> WORK TASK
Beneath this line are entries. Copy the range from the line with "Bojentsi Casa | Динова Къща" to the line with "West Dennis Cape", ends included, exactly; leave pictures out.

> RECORDS SHOWN
§ §
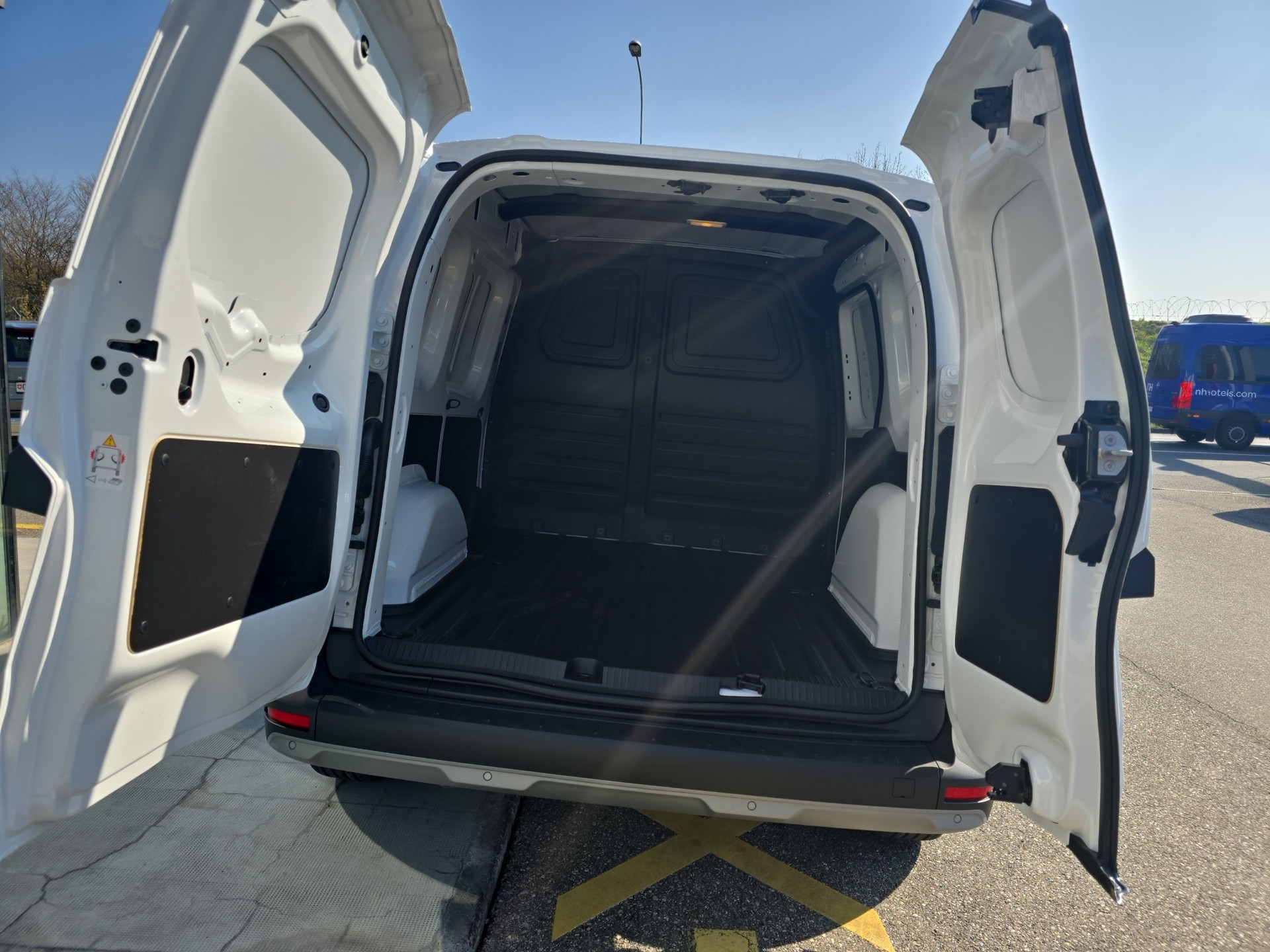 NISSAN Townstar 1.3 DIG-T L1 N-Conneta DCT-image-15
§ §
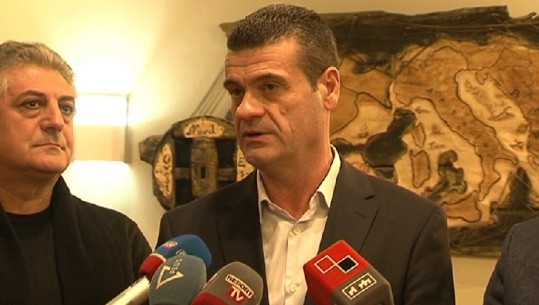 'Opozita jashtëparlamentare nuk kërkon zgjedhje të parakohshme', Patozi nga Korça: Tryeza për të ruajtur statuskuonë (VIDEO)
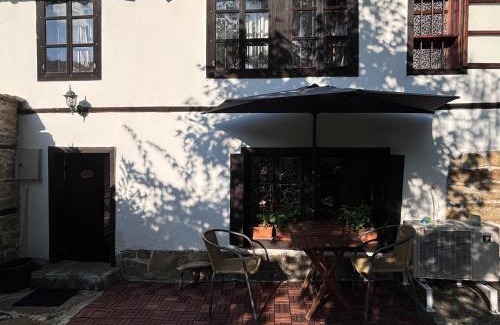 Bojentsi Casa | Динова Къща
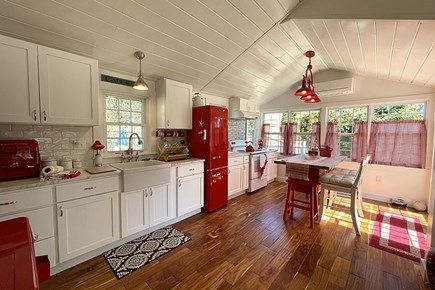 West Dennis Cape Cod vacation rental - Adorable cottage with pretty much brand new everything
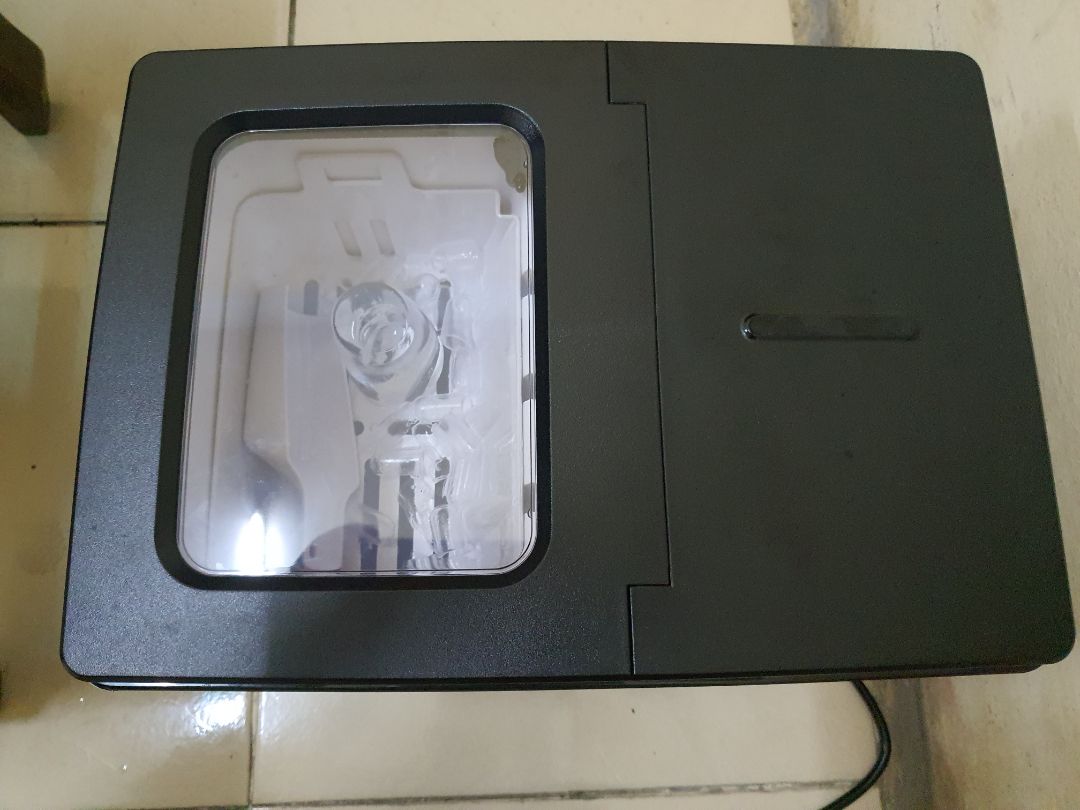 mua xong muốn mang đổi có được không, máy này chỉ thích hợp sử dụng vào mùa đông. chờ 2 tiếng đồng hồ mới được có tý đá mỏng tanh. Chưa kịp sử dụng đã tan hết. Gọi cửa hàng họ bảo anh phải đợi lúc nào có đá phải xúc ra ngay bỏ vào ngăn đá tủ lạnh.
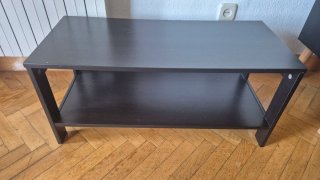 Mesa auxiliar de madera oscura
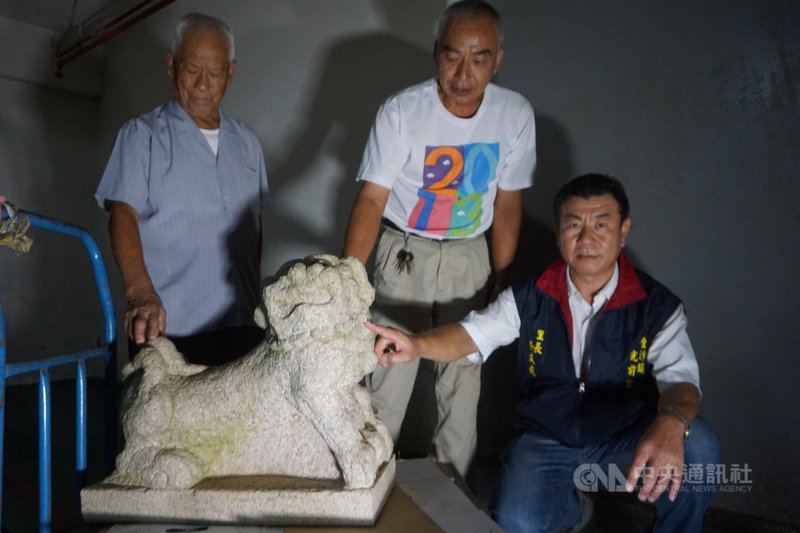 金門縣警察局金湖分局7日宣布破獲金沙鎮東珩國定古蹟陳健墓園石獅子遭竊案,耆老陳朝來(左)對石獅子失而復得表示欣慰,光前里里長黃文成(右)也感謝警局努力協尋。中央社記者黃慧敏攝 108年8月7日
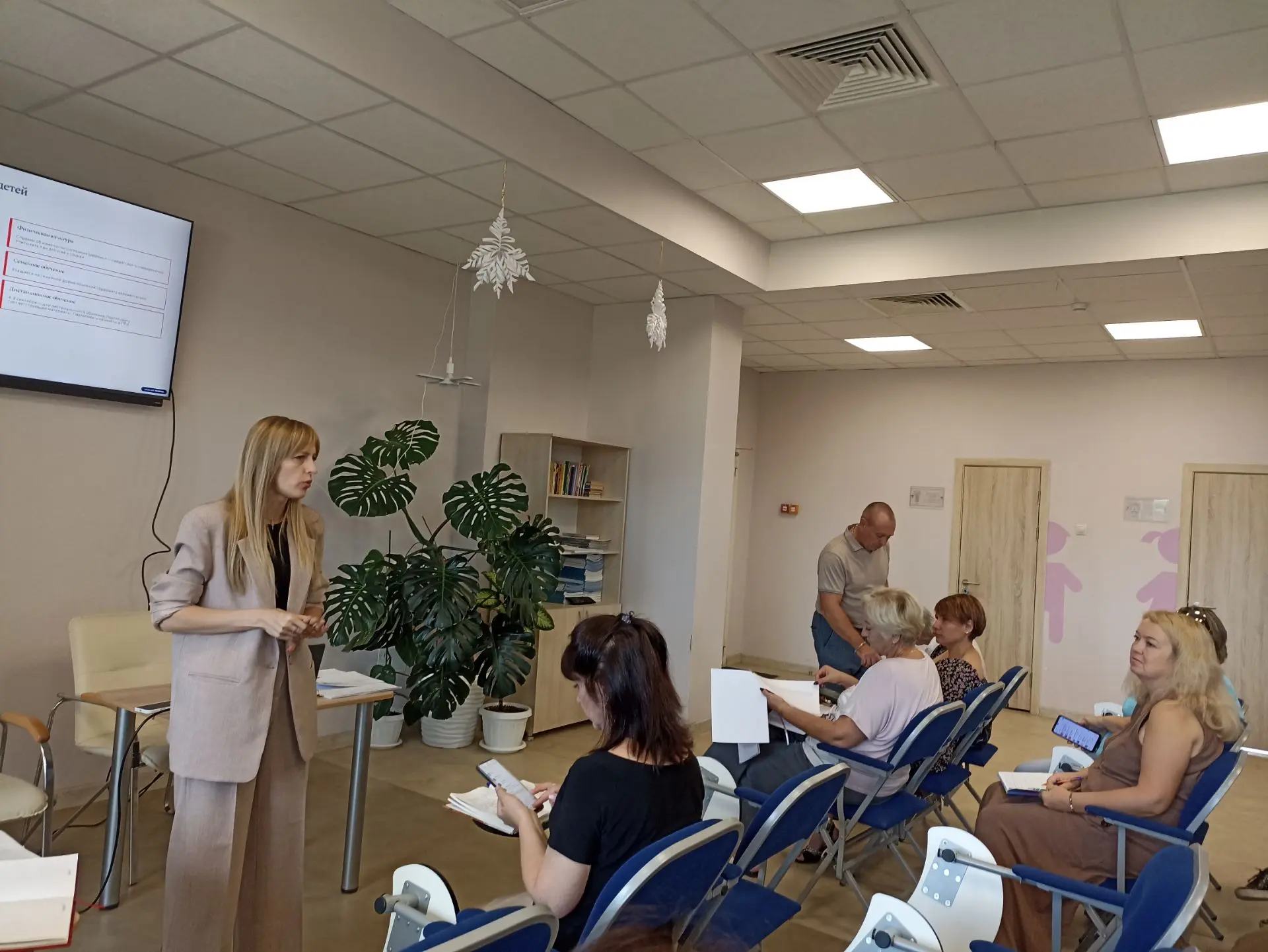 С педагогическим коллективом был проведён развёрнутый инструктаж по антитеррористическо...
§ §
> EXERCISE RESPONSE
 Bojentsi Casa | Динова Къща
 West Dennis Cape Cod vacation rental - Adorable cottage with pretty much brand new everything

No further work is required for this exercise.